Thank you all for your help. Please my post #152 for an interim explanation of what's been happening.
I wish I had put the drive in another PC and run chkdsk on it FIRST. It might have resolved everything, but maybe not.
In any event, the tip that 'This is a Lame ID' gave me about slipstreaming was worth the extra agony. Once I figured out that one of the switches in a couple of the commands listed in the link he posted should have been typed as /s instead of -s (for example) on my wife's system, everything went pretty smoothly.
The drive is now living happily in this same computer as a third drive, through an ATA PCI card, and it doesn't show the slightest indication of having any problems. I haven't lost any data whatsoever. The only hitch at the moment is that I've misplaced a CD I bought with updated software for my Epson Perfection 1650. The software that Epson has for it doesn't work in SP2.
Everything else is working great. So again, thank you all for helping me. This is the greatest place for getting help with computer problems. Even though I've built 6 or 10 computers, I'm not a top dog when it comes to WinXP software problems.
I hope I haven't missed pinging anyone with this reply. I tried to get everyone who replied on this thread.
Thanks for having posted with your problem; it generated a very instructive thread.
During my time in Los Angeles, I listened to both computer shows on KABC and
KFI radio.
The number of times they got calls about dying and dead disk drives
as well as data recovery was innumerable.

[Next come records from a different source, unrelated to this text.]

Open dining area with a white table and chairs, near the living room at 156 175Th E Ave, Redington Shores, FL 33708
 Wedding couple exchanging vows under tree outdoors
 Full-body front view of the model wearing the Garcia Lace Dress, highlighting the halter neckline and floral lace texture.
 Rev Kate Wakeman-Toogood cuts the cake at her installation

In fact, the mantra of the KFI host (Jeff Levy) practically was
"What part of 'back-up' do you not understand!?"
My main drive is 250Gb. I bought a 160Gb drive (mostly because that's what was available) and partitioned it into four 40Gb drives. Each drive keeps a generation of backups. I configured Backup MyPC to do a full system backup to files on the second HD every two weeks and an incremental backup each night of just what changed. Each full backup and associated incremental backups run on separate partitions, so I'm keeping four generations of backups. I use the Task Manager to run the jobs each day.
Lately, I'm beginning to fill up my backup drives, so I'm going to have to reconfigure my backups to be three partitions of approx 53Gb and redo my nightly tasks. It's a bit tedious to set up, but once it's done it's great. The only downside is that Windows XP requires the login ID that runs the jobs to have a password.
I've had to restore from my backups two or three times since doing this, mostly because installs or upgrades of software messed something up. The restore process (for me) is to reinstall Windows XP (doesn't matter which version), then reinstall Backup My PC, then restore the latest full system backup (which should bring XP back to current), then restore all the incremental backups since the last full backup. As luck would have it, my restores were always in the second week of incrementals, meaning about a dozen restores before my system was back.
Once done, everything was back to normal as if the outage never happened. I suppose you could replace a defective C: drive, and then restore your backups to that in order to replace a drive and still have your old configuration in place without losing anything.